Na área de saneamento, o BNDES está dividindo a estruturação em três blocos: financiadores, operadores e investidores financeiros. “Estamos tentando aproximar operadores de investidores financeiros na formação dos consórcios. O volume de recursos é substancial. Porém, por mais que a gente tenha financiadores, precisa desenvolver o outro lado, hoje muito pequeno. O setor privado é atua em 6% do saneamento do país.

Para o primeiro grande leilão, marcado para 30 de setembro, na macrorregião de Maceió, Montezano disse que mais de 15 grupos estão tentando se associar para participar do ciclo. “Eles querem que a gente apresente grupos complementares. Até o momento, os namoros estão indo bem. A gente vai ver esses nomes se consolidando. Nosso grande objetivo é desenvolver esses consórcios e grupos. Ligar as pontas. O financiamento é em um segundo momento”, afirmou.

Gás natural


Outro setor em que o BNDES está empenhado é o do novo mercado do gás natural, ressaltou o presidente do banco. “Estamos identificando os usuários industriais que vão apoiar a construção dos pipelines (gasodutos). Também temos que ver a conversão de plataforma de abastecimento de ônibus, caminhões, e financiar termelétricas que sejam consumidoras do gás”, explicou. Ou seja, segundo Montezano, é preciso identificar a demanda potencial.
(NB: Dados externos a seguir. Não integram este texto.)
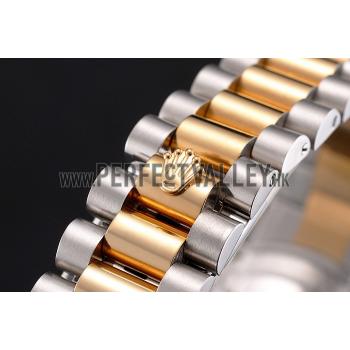 Swiss Rolex Datejust White Dial Gold Bezel Stainless Steel Case Two Tone Gold Bracelet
“A terceira perna disso é atuar nos diferentes estados para privatizar as distribuidoras. Há um potencial de investimento muito relevante, mas é preciso reformatar os modelos de concessão, que hoje garantem rentabilidade fixa o que desestimula o investimento. Temos discussões avançadas com vários estados”, antecipou.


Para Alexandre Americano, sócio fundador da Mercurio Partners, a nova lei do gás desverticaliza o setor substituindo mecanismos regulatórios ultrapassados com objetivo de gerar liquidez. “Essa liquidez está associada tanto ao número de agentes participando em cada etapa da cadeia”, afirmou. Ele pontuou que os principais marcos previstos na lei são: a mudança do regime de exploração da atividade por concessão para autorização; restrições para que outros agentes da cadeia não possam influenciar a atividade de transporte e distribuição do gás; garantia de acesso indiscriminado de terceiros a infraestruturas chaves como gasodutos de escoamento; unidades de processamento e terminais de Gás Natural Liquefeito (GNL); e criação de gestores responsáveis por promover transparência e conduzir o planejamento do desenvolvimento do seu sistema.

“O principal fator de atratividade aos investimentos sempre será a disponibilidade de gás natural com valores competitivos para atender a demanda. No entanto, ter instituições financeiras comprometidas com o financiamento certamente contribui para o desenvolvimento de novos projetos de infraestrutura”, acrescentou.